Whopping great tourers aren't really my bag at this stage of life, but seeing Indian's bikes in the flesh is always impressive. The level of luxury finish and detail on these things is intoxicating, I can imagine owners getting very intimate with a cleaning cloth around the leathery and chromey areas in particular, they're very pretty things.
And now they're a little bit smarter. Indian has significantly upgraded the whole Thunder Stroke III family for 2019. Thunder Stroke, of course, being the name of the 111 cubic inch (1819 cc), 119 lb-ft (161 Nm), basso profundo v-twin motor they share. It's also what they used to call me back in my college days.
Thanks to fly-by-wire (coincidentally, the same name as another college trick of mine), the new Thunder Strokes get multiple riding modes. Tour, Standard and Sport, in this case, each with their own throttle mapping as you'd expect.
More interesting is the rear cylinder deactivation system, designed to combat excessive heat in stop-start traffic (after all, lord knows these battleships won't go in between lanes nearly as easily as smaller bikes). If the ol' Thunder Stroke's warmed up, and the ambient temperature is over 59 degrees Fahrenheit (that's 15 Celsius), then every time the bike comes to a standstill, the rear cylinder will cut out, letting the front one keep the motor spinning.
The instant you touch the throttle, the rear cylinder starts to fire again, putting full power at your disposal at all times but keeping heat under control and possibly saving you a bit of gas.

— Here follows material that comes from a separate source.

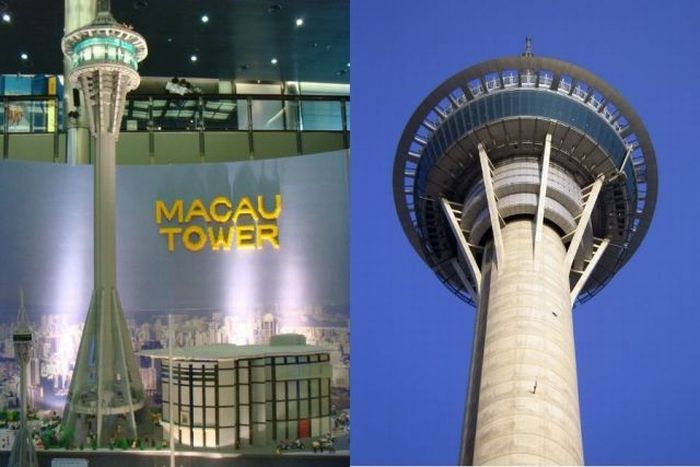 Famous Places Made with Lego (34 pics)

The new audio system (Roadmaster only) has been well thought out. Tweeters and midrange drivers have been separated for clarity, and a new dynamic equalizer changes the EQ of the sound, as well as the volume, depending on your speed. Effectively, it boosts the frequencies you start losing first as wind, road and the motor's Thunderous Stroking noise picks up. Nice touch!
And speaking of touches, the new Ride Command infotainment system looks like an absolute beast. It's a 7-inch, glove-compatible touchscreen handling navigation, Bluetooth, entertainment and a plethora of vehicle options.

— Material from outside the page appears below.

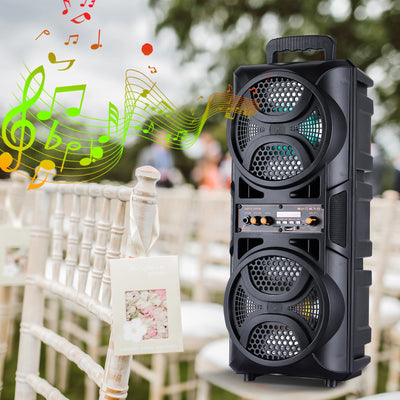 3000W Bluetooth Party Speaker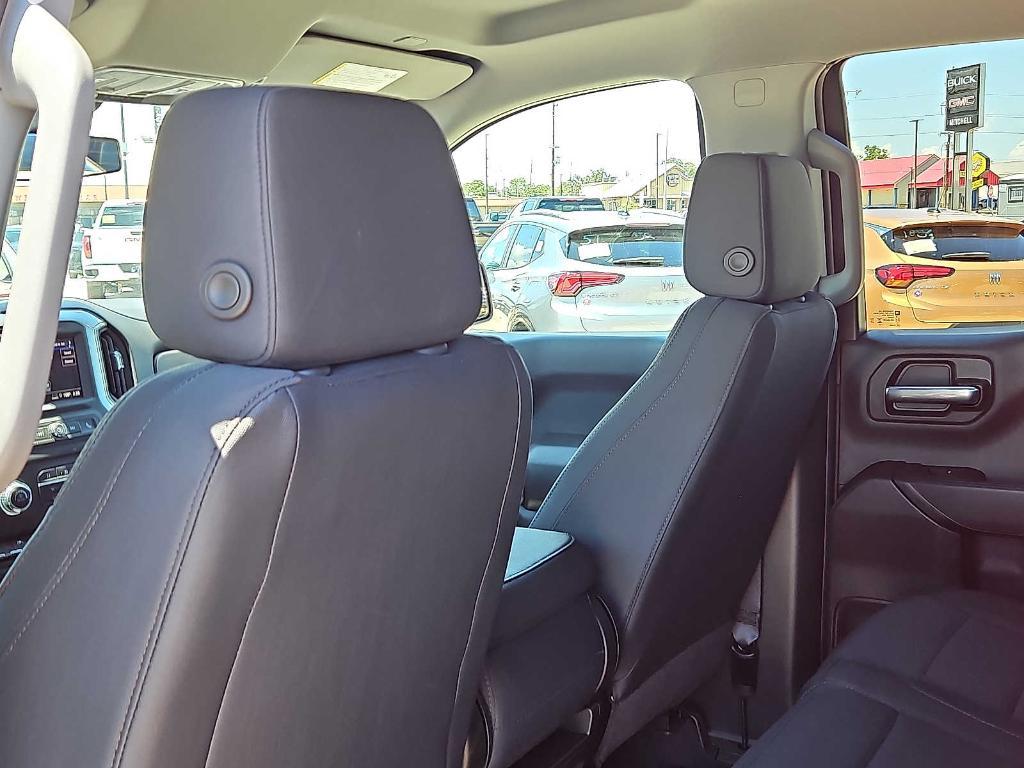new 2025 GMC Sierra 1500 car, priced at $38,925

The Thunder Stroke family also comes with some sweet mod-cons: keyless ignition, proper cruise control, ABS. In the case of the Roadmaster, there's now a set of adjustable lower fairings to channel extra airflow your way.
Pricing has also been announced. Here goes: the Chief Dark Horse starts at US$17,999. The Chief Vintage starts at US$19,999. The Springfield starts at US$20,000. The Springfield Dark Horse starts at US$21,499. And you're paying at least US$28,999 for the big daddy Roadmaster. Stroke on!